= AIM OF THE EXERCISE =
With the pictures removed, the data below must be transcribed in full and exactly.

= RAW DATA =
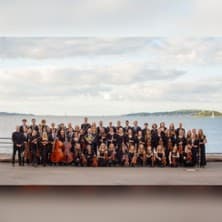 Sinfoniekonzert | Konzerthaus am Schloss Kiel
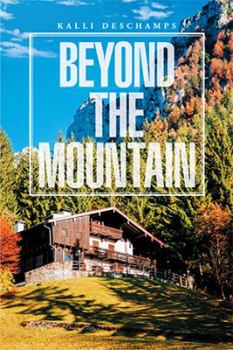 Paperback Beyond the Mountain Book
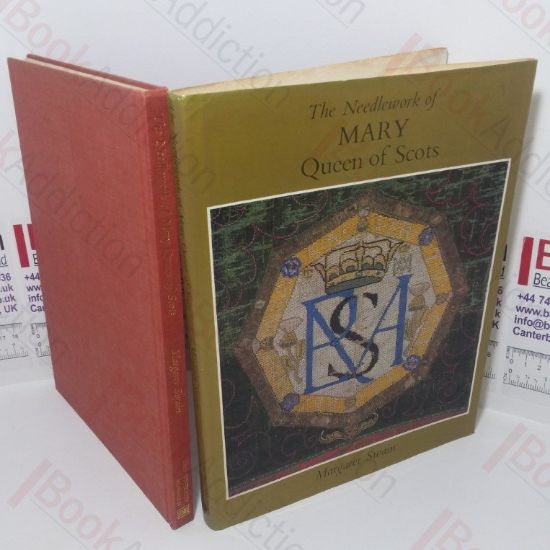 Picture of The Needlework of Mary, Queen of Scots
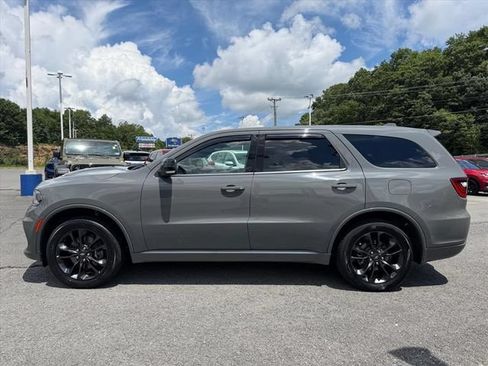 Used 2022 Dodge Durango GT AWD/4WD image 4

= RESPONSE AREA =
 Sinfoniekonzert | Konzerthaus am Schloss Kiel
 Paperback Beyond the Mountain Book
 Picture of The Needlework of Mary, Queen of Scots
 Used 2022 Dodge Durango GT AWD/4WD image 4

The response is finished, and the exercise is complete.